In baking, gram/kilogram measurements are far more precise than ounces and pounds, simply because the gram division is constant and small. Years ago, I worked on English motorcyles that had an enormous variation in wrench systems and thread pitches. A 1970 Triumph Bonneville had, in order of confusion, British Standard, Whitworth, metric and Imperial bolt and thread pitch systems all at work on a single bike. You can imagine the contents of my tool box. Enter Honda; metric to the bone. Is there a reason that Caputo flour comes in 55 lb bags as opposed to 50 lbs?

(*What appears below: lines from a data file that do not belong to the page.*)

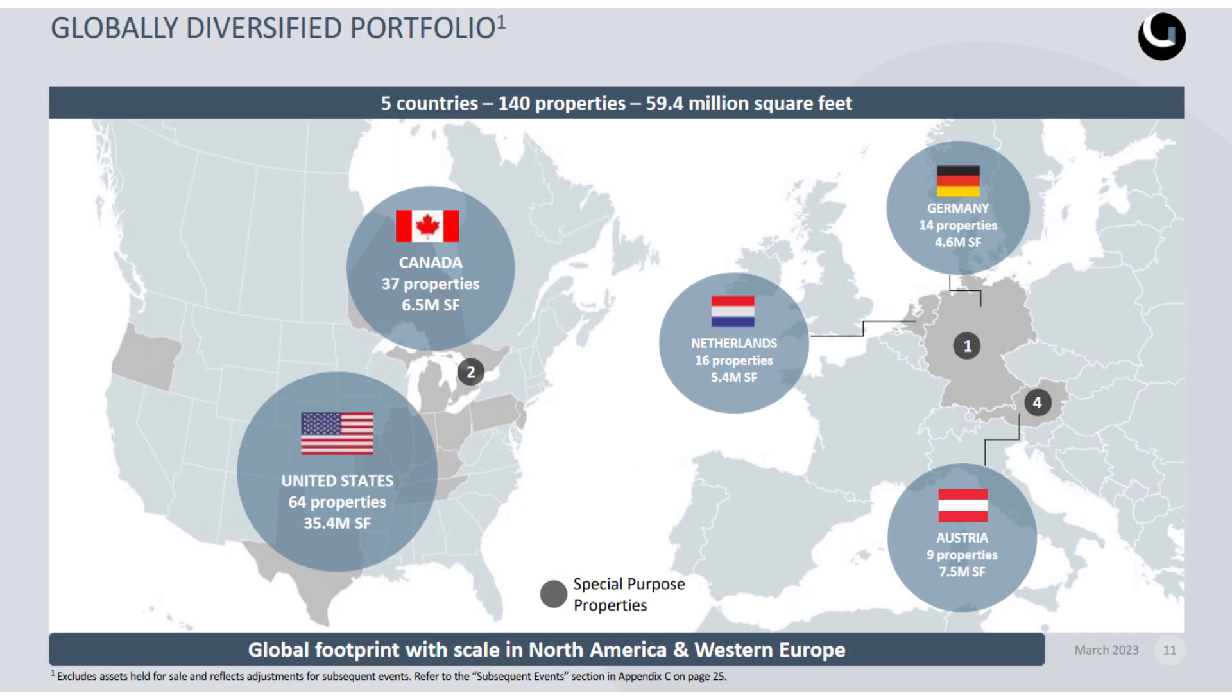For those of you who are not familiar with this company, Granite is a Canadian real estate company which can give you exposure to physical properties in the areas of logistics and industrial warehouses in North America and Europe. They have already a diversified portfolio of various industrial and logistical properties in six countries around the world, including Canada, US, Netherlands, Germany, Austria, and Czech Republic.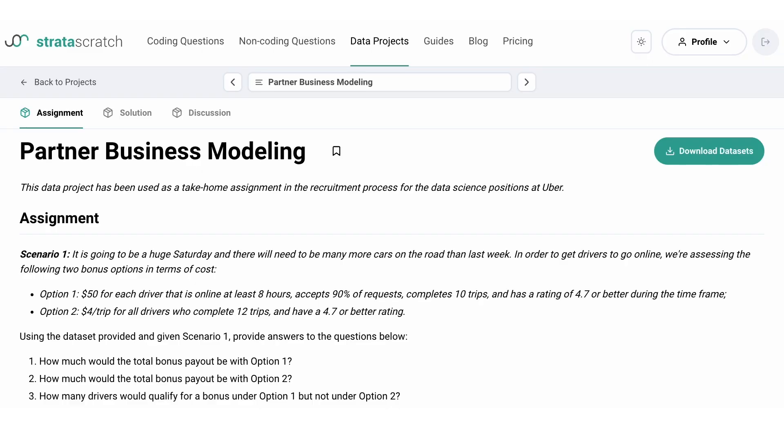Hello, everyone. Welcome to our newest data project video. Today, we'll go through the data project from Uber. It's called Partner Business Modeling.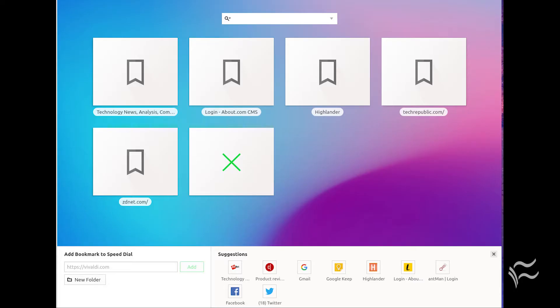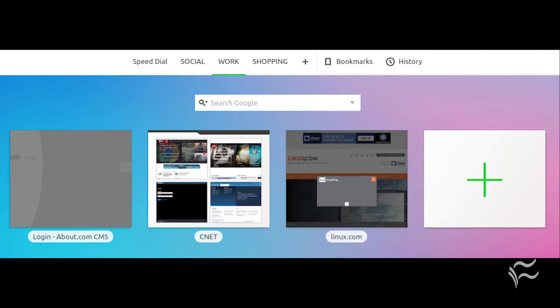Now we need to add sites to the new group. This is quite simple. If you click plus on the new group page, a pop-up will open with an address bar and suggestions. From the add bookmark page, you can also create new folders for the group.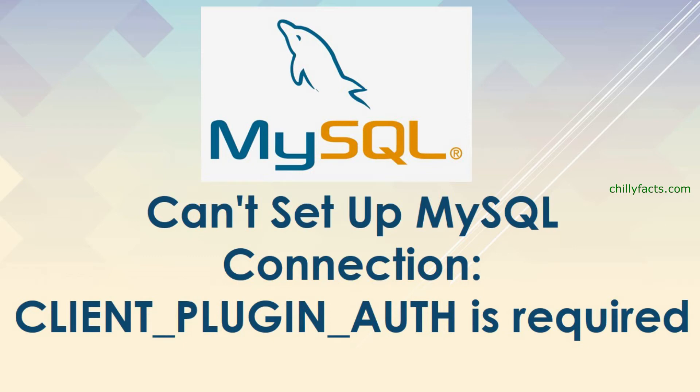Hello YouTube, welcome back to my video. In this video I'm going to show you how you can solve the error CLIENT_PLUGIN_AUTH is required in MySQL. When I was trying to connect my MySQL using my Java Eclipse IDE for my Java application, I was getting this error.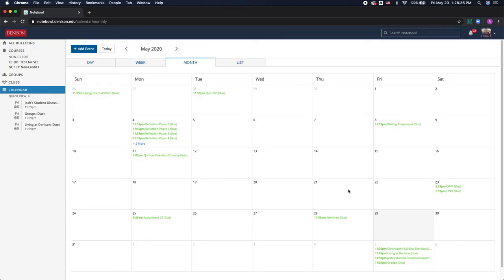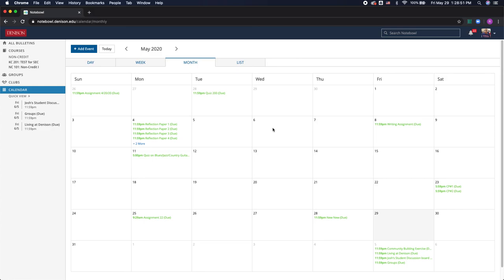So this is your Notebook Calendar. I highly recommend checking this frequently because professors tend to update their assignments throughout the week, and it allows you to manage your time better and stay more organized. Hope this helps, and thanks for watching.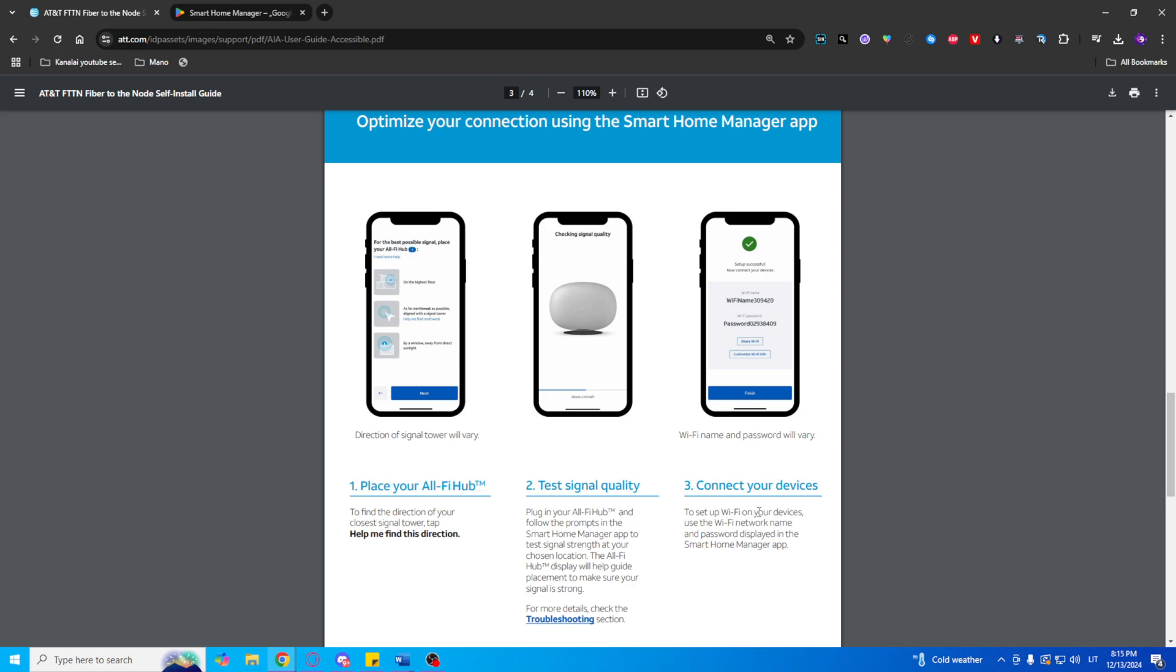If you encounter any issues, visit AT&T's support site or contact their customer service for further assistance.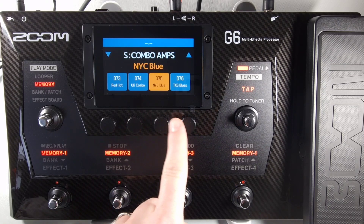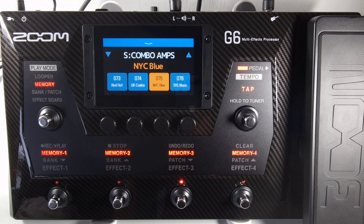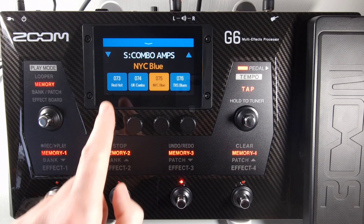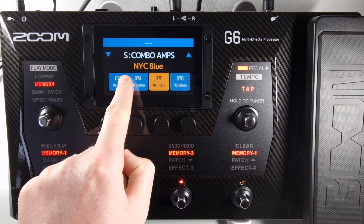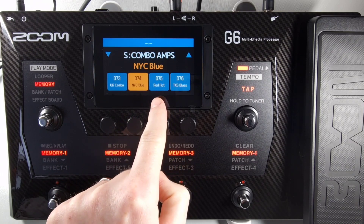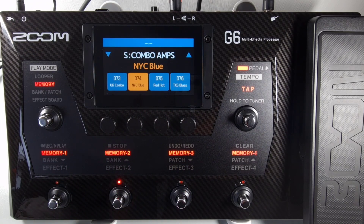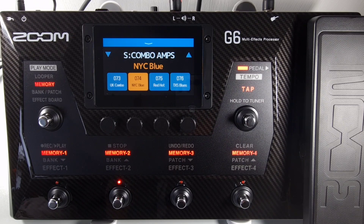In memory mode, which is this mode here, press and hold a patch and then drag and drop it to the desired location. For example, if you move patch one to position three, you do so just like that, and then the patch that was in position two would move over to position one, and the patch that was in position three would move to position two. This is to make room for moving from position one to position three.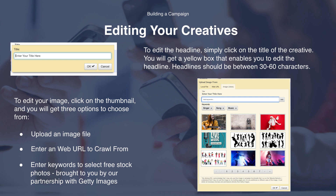Now we have your creative added — let's go ahead and edit them. Simply click on the title of your creative and you get a yellow box that will enable you to edit the headline. We recommend keeping the headlines between 30 and 60 characters long — any longer and you risk the headline being cut off on various placements. To edit your image, click on the thumbnail and you will get three options: upload an image file, select a web URL to crawl from, or use the Getty image library. This is a free resource based on our relationship with Getty Images, so feel free to enter various keywords and test out images that might draw the user's attention. There's no harm adding whatever you like as these are free to use.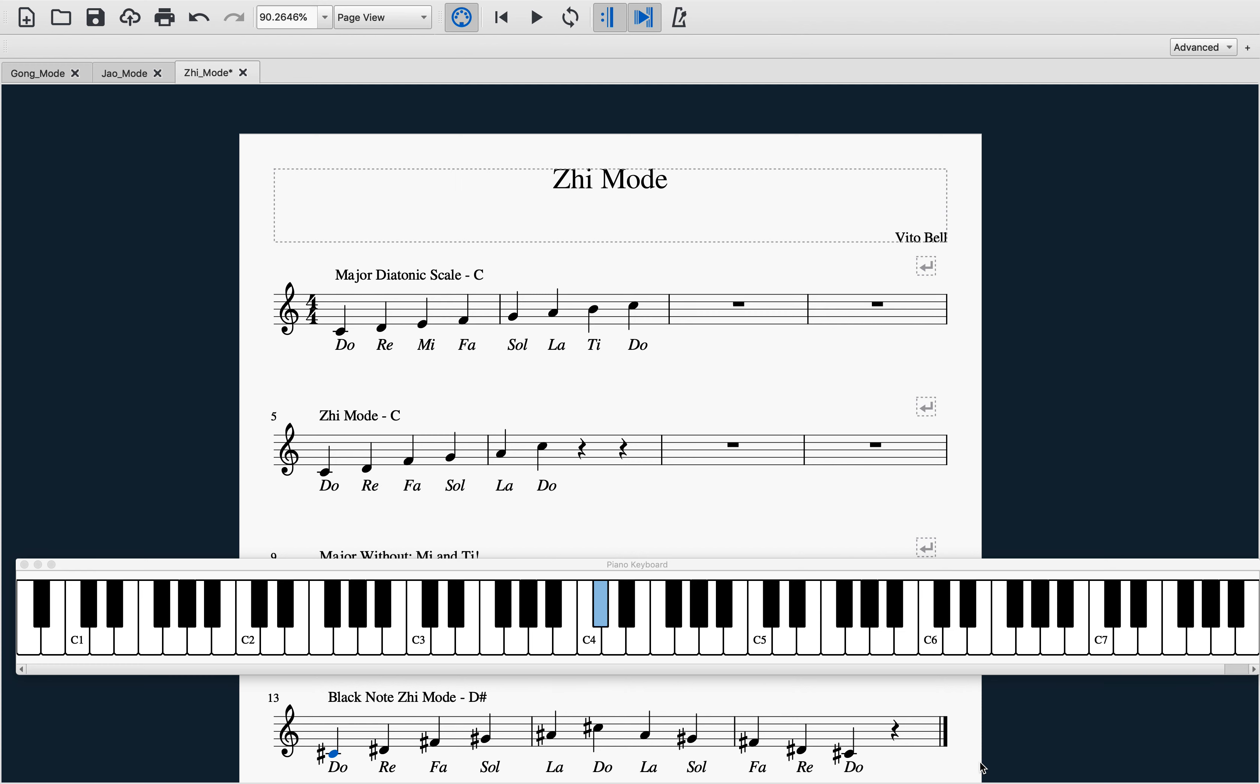Hello, my name is Vito Bell. I'm a music major going to school in North Carolina. This is the fourth video out of five videos talking about the pentatonic modes.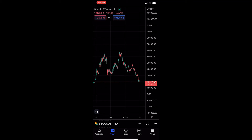How to follow people on the TradingView mobile app. This video is going to be a complete step-by-step tutorial, so if you follow along, by the end of this video you will be able to follow people on the TradingView mobile app.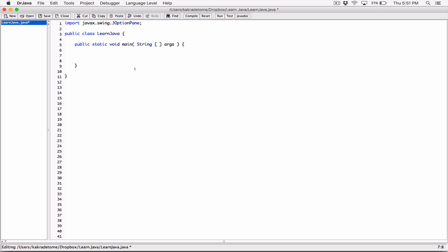With the JOptionPane class, we don't have to create an object. We can apply the methods defined in the class directly on the class. A method is one or more lines of code wrapped together with curly braces and given a name. When that name is called, those lines of code execute.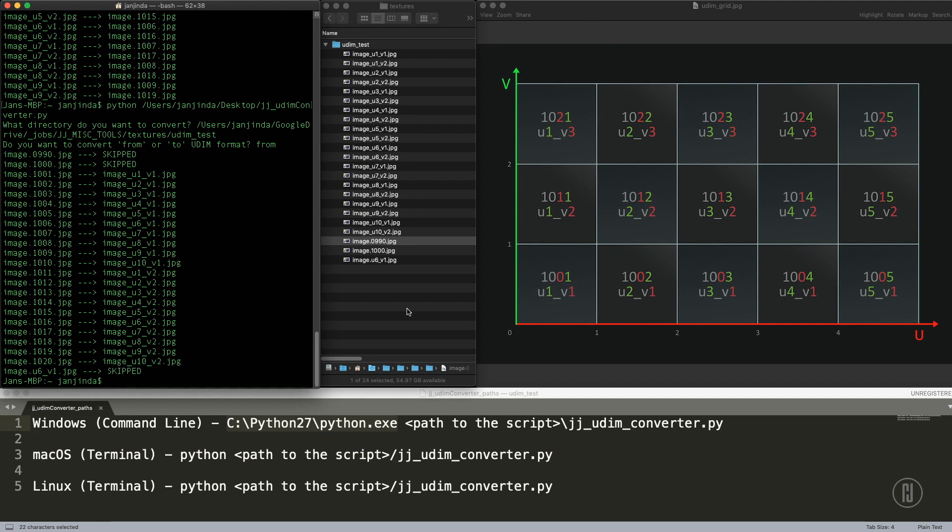So that's it, guys. It's a very simple script doing a very simple thing. But I guess if you are using Mudbox, you will find a use for it. If you like the tool, just let me know. Follow me on social media, subscribe to my YouTube channel. I have a bunch of short tutorials there and more are coming. See you soon.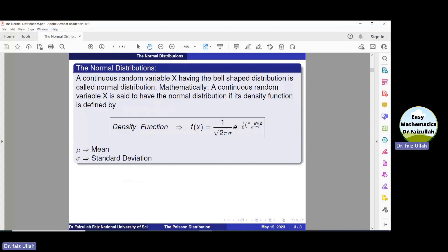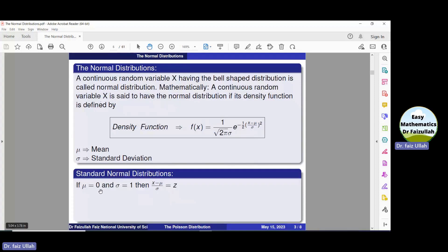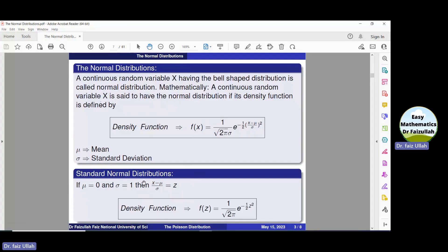Mu can take any value from the real numbers. Similarly, sigma can take any value of the real numbers. But if we fix the value of mu to be 0 and sigma equal to 1, then we represent (X minus mu) divided by sigma by Z. In that case, it is called the standard normal distribution, and the density function becomes f(Z) = (1 / sqrt(2pi)) * e^(-Z²/2).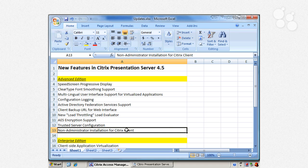Lastly, there is non-administrator installation for the Citrix client itself — this is Citrix client version 10. With client version 10, administrator access is no longer required to install the Citrix client. Users can now go to a website or other location, download the client, install it, and use it without requiring an administrator to do it for them.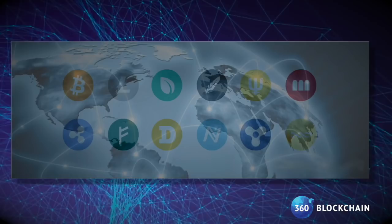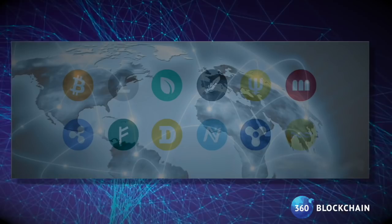But cryptocurrencies themselves, Bitcoin, Ethereum, Litecoin, and there are more than a thousand others at this point, are driving a new financial asset class.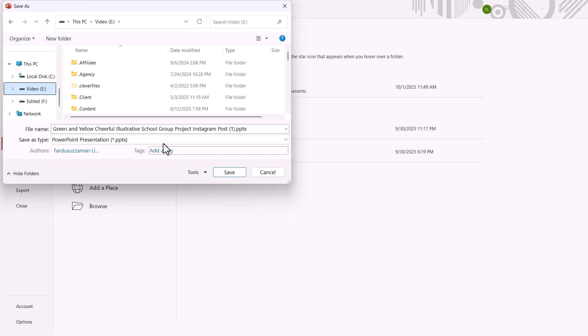After that, open the Save As Type drop-down menu and choose PowerPoint Presentation.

In a global economy, standardization, like ISO standards, is the norm; trade rules. This cannot be stopped and should be embraced. True, there is no accepted worldwide normalization--yet--but for sure it won't be in inches/pounds/miles. Resistance, as the man said, is futile. Metric works; the Imperial system is seriously outmoded, imprecise and error prone. Is it possible that this is a Colonial period leftover? That's a serious question, not being snarky. Don't forget, I don't live in your country. I'm puzzled and would like to know why.

Bit of a rant, apologies, but I can't see the triumph (sic) of the Imperial system until the next Ice Age. Euros anyone?